Atrial Septal Defects
The normal heart is composed of four chambers. The upper chambers are called “right and left atria” while the lower chambers are called “right and left ventricles.” The right atrium receives deoxygenated blood from systemic veins and then connects to the right ventricle. The left atrium receives oxygenated blood from the pulmonary veins and connects to the left ventricle. The right ventricle pumps into the main pulmonary artery where blood gets oxygenated. The left ventricle pumps into the aorta thus providing oxygenated blood to the rest of the body.
Separating the upper chambers is a thin membranous structure called the inter-atrial septum. Separating the lower chambers is a thicker membranous structure called the inter-ventricular septum. Every child is born with a small opening in the inter-atrial septum but none in the inter-ventricular septum. The opening in the inter-atrial serves a very important function prior to birth. After birth, the opening is no longer needed and usually closes within a few months.
If the hole does not close within the upper chambers, a condition known as atrial septal defect (ASD) arises. ASD is a type of congenital heart defect (present at birth). In this condition, oxygenated blood from the left atrium flows through this hole into the right atrium (non-oxygenated blood). This mixture causes an increase in the amount of blood flowing toward the lungs. If not properly addressed, it can lead to heart failure, pulmonary hypertension or heart arrhythmias.
Causes of Atrial Septal Defects
Doctors know that heart defects present at birth (congenital) arise from errors early in the heart's development, but there's often no clear cause. Sometimes atrial septal defects tend to be more common in generations of a family.

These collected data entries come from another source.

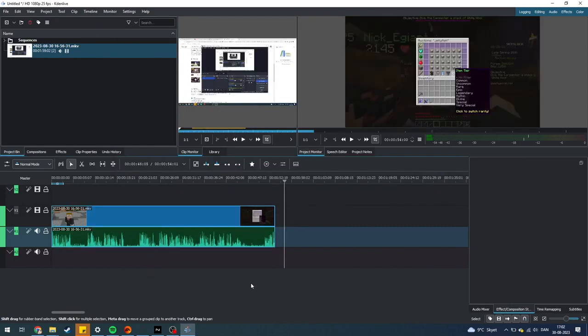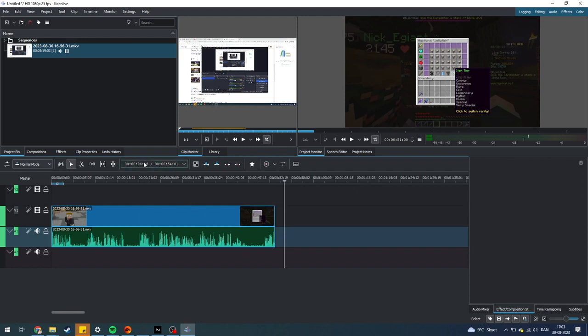In this video I'll be showing you how you can add background music into Kdenlive. It is super simple. So first of all, what you need to do is have your project open in Kdenlive.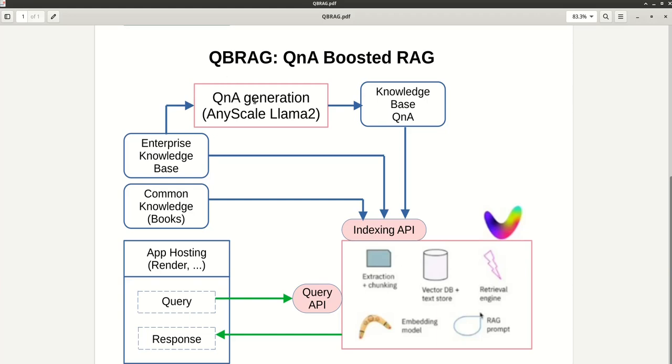Actually, the end result of this step can potentially enhance the quality of the answers. We are using an LLM to generate questions and answers from the knowledge base, and then we also index those questions and answers.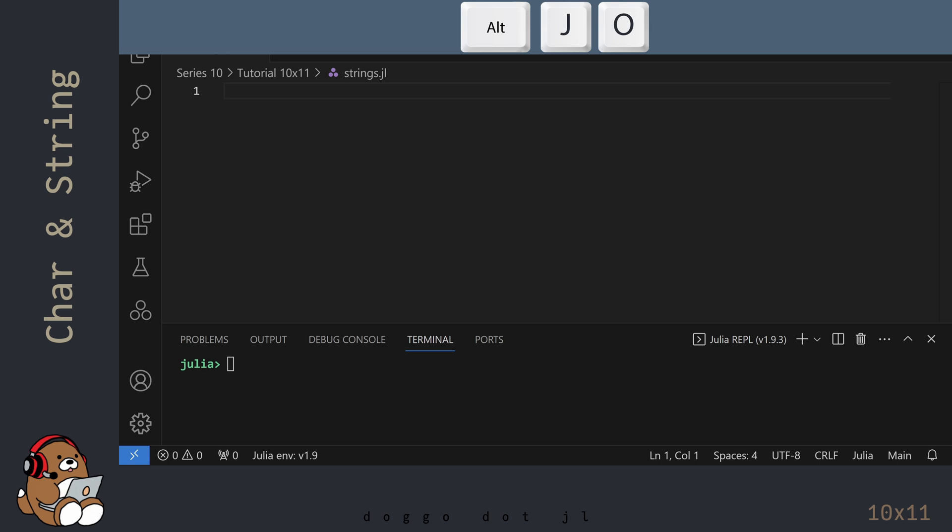I'm in VS Code and I've already created a new .jl file. And I've already launched the Julia REPL by using Alt-J, then Alt-O.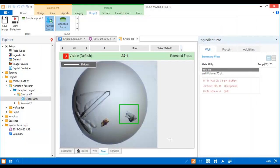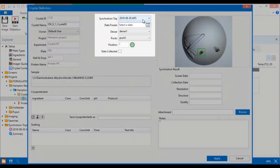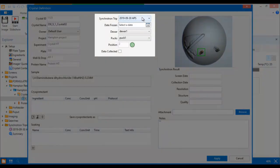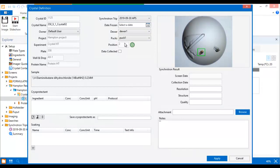Let's harvest another crystal. Because you are harvesting from the same well, RockMaker automatically assigns the second crystal to the same puck and doer that the first crystal is assigned to.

Symptoms of Atrial Septal Defects
Many people born with this condition have no signs or symptoms. However, as the condition worsens symptoms may start to appear. Symptoms may include:
- Shortness of breath, especially when exercising.
- Fatigue
- Swelling of legs, feet or abdomen.
- Heart palpitations
- Heart murmurs
Diagnosis of Atrial Septal Defects
To diagnose atrial septal defects, your doctor will perform a variety of tests, including but not limited to:
- Electrocardiogram (EKG/ECG)
- Echocardiogram (ECHO)
- X-Rays
- Magnetic resonance imaging (MRI)
- Cardiac catheterization
Treatment of Atrial Septal Defects
Many atrial septal defects close on their own during childhood. For those that don't close or those that are small, treatment may not be required. However, it is very important to keep it monitored. Moderate to large ASDs may eventually require to be closed. Some treatment options include the use of medications or a surgical procedure called atrial septal defect surgery (includes transcatheter options).
Though medications will not be able to repair the hole, medications can reduce some of the signs and symptoms present for those with a longstanding atrial septal defect. Drugs may also be used to reduce the frequency of irregular heartbeat (arrhythmia) that can occur when an atrial septal defect has not been treated. Adults with these atrial septal defects can have an increased risk of blood clots within the heart and may thus require anticoagulants (blood-thinners).